**Task to carry out:** Reproduce exactly only the lines from the line that holds "https://b-aparthotel-montgomery.hotelsghent.com" to the line that holds "5404 137th Pl, Crestwood, IL 60445 photo 9", inclusive, in the listing below, and please leave out every picture.

**Material to process:**

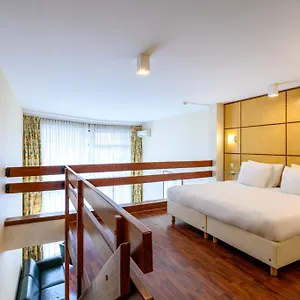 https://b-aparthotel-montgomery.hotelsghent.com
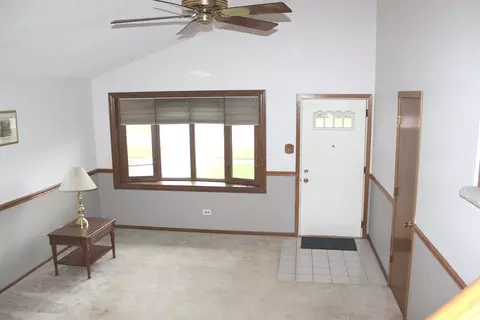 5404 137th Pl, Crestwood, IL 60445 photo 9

==

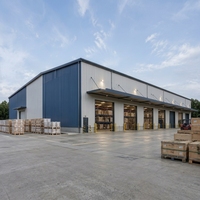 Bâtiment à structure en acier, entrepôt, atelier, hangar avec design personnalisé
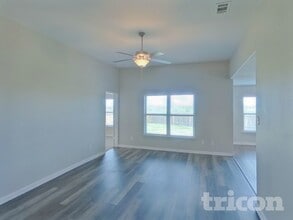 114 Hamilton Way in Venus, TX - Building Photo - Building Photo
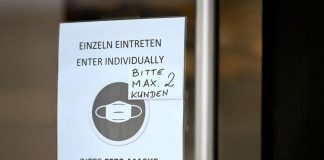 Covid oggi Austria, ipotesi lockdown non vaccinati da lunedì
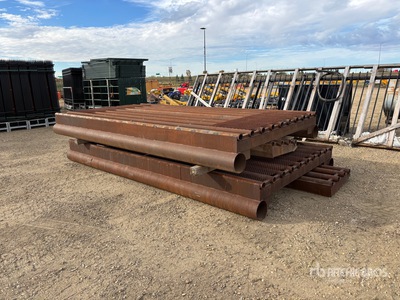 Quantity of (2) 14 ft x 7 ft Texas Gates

**Solution to the exercise:**
 https://b-aparthotel-montgomery.hotelsghent.com
 5404 137th Pl, Crestwood, IL 60445 photo 9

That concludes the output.